I used to think of Sherlock Holmes as a brilliant, but egotistical loner, who gave little thought to anyone but himself--and perhaps Dr. Watson--or his cases.  A 15 year old American girl taught me differently.
     Walking in the Sussex Downs to escape her tyrant of an aunt, Mary Russell stumbles--literally--on a gaunt, old gentleman sitting on the grass watching bees.  It is none other than the great consult detective Sherlock Holmes, and through the eyes of Russell and the relationship between this pair of intelligent and observant characters we see a Holmes that is deeper and fuller and more...
human than Conan Doyle’s. 
     Woven into the adventures of this unlikely pair is a portrait of two complex people: he an aging British criminologist--a man of science, and she a young American--a Jewish theological scholar.  I was skeptical, I confess, thinking, “Oh, come on, now!  Sherlock Holmes teaming up with a 15 year old American girl?  The Baker Street Irregulars are one thing, but a 15 year old American girl?”  But I was utterly...charmed.  It seems like that shouldn’t be a word applied to the Sherlock Holmes I had read about in Conan Doyle's stories.
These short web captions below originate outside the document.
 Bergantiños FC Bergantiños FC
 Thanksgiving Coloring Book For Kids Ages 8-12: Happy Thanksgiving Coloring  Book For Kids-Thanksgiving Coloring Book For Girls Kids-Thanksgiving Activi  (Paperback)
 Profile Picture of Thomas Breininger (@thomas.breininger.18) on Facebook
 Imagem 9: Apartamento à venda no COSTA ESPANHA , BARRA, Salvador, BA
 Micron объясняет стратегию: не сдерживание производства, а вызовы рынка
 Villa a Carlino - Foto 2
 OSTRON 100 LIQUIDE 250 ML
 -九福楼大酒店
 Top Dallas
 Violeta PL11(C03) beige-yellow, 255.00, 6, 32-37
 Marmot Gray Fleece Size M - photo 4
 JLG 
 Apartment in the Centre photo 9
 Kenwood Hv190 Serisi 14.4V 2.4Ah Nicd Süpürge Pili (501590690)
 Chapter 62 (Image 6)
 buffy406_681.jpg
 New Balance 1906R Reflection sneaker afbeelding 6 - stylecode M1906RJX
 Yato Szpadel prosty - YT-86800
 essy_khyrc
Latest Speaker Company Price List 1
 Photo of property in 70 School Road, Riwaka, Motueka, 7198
     Add to that skillful, intelligent plot twists, fascinating characters, and utterly fantastic but plausible adventures and you have a beguiling read from start to finish.  Russell assists Holmes when she comes back to Sussex from her studies at Oxford, and when an American senator’s daughter is kidnapped, she joins in the rescue attempt, and the the subsequent tangle with a master criminal.
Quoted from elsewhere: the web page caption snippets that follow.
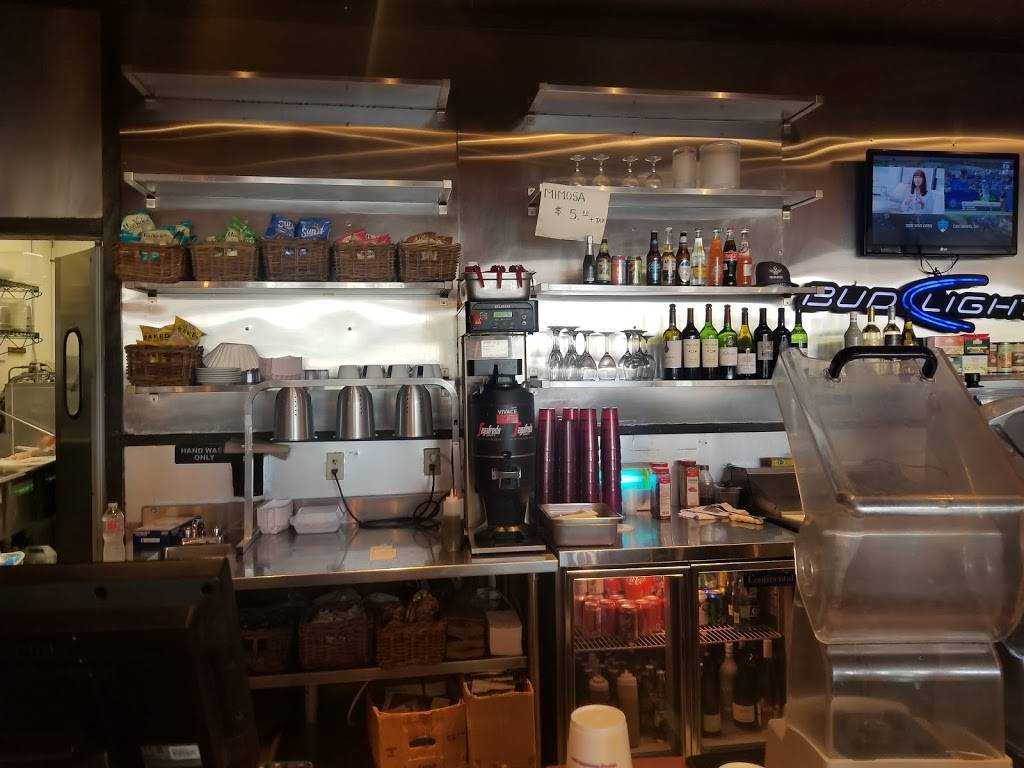 Island Grill | restaurant | 5709 Woodway Dr, Houston, TX 77025, USA | 7133344036 OR +1 713-334-4036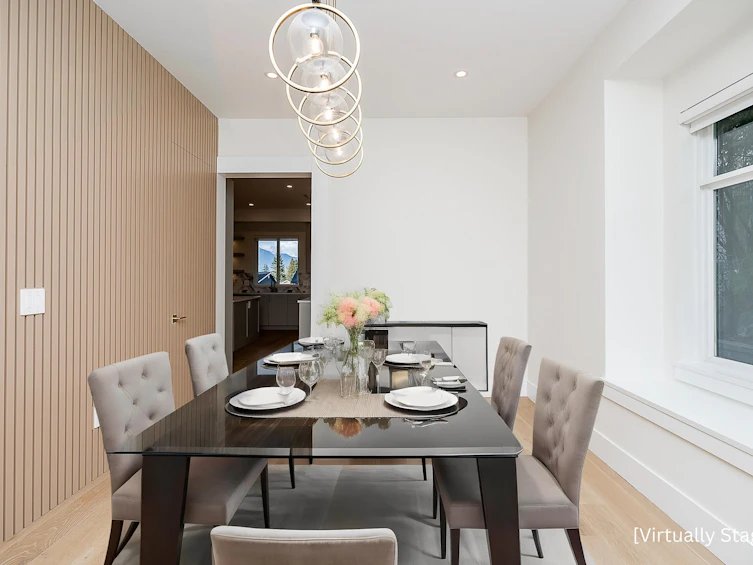 897 Cottonwood Avenue, Coquitlam, BC, V3J 2S9 - 7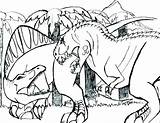 Rex Coloring Pages Dinosaur Lego Jurassic Indominus Dinosaurs Baby Drawing Colouring Tyrannosaurus Color Head Dominus Spinosaurus Vs Printable Getcolorings Kids sketch template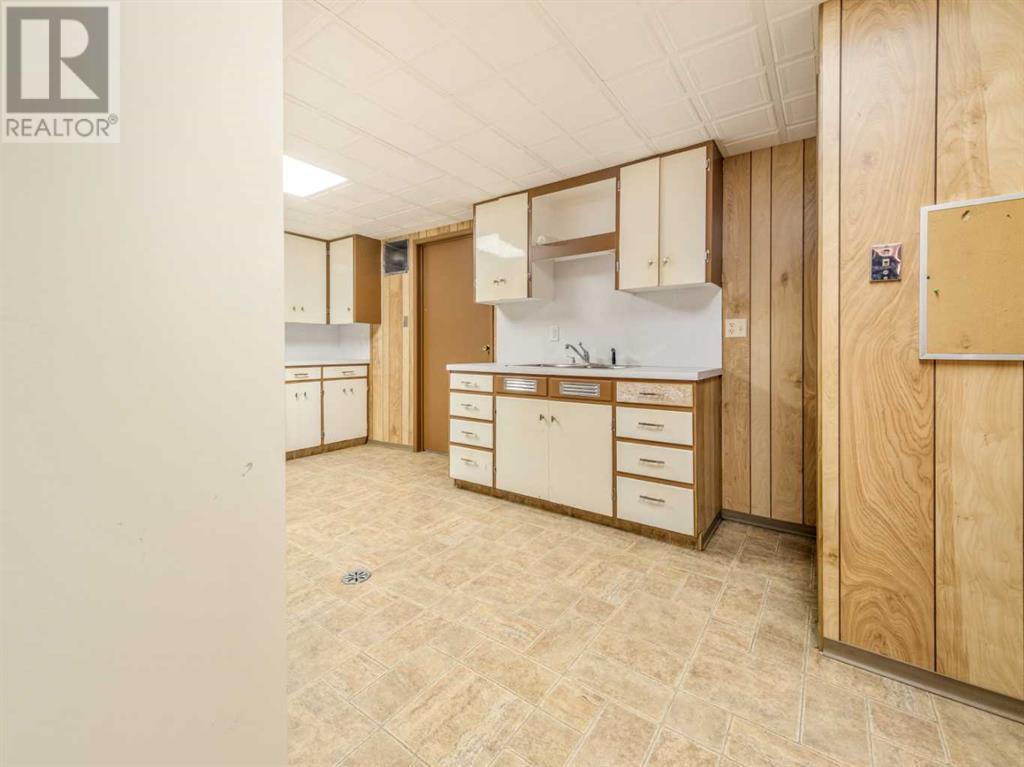 440 2 Avenue Ne, Milk River, Alberta  T0K 1M0 - Photo 32 - A2185338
     History, philosophy, science and setting all intertwine with the mystery to be solved.  The intelligent plot and substories keep the mind engaged and, sometimes, the heart pumping.  Britain and the world in the WWI era are skillfully evoked as the reader is drawn in.
     I was prepared to not like this book but I am now a die-hard fan of the series that it started and whenever I finish one I can’t wait for the next, to see where life and crime and the world take this pair next.
     If you liked Conan Doyle’s Sherlock Holmes, if you
didn’t like Conan Doyle’s Sherlock Holmes you’ll like “The Beekeeper’s Apprentice,” by Laurie R. King.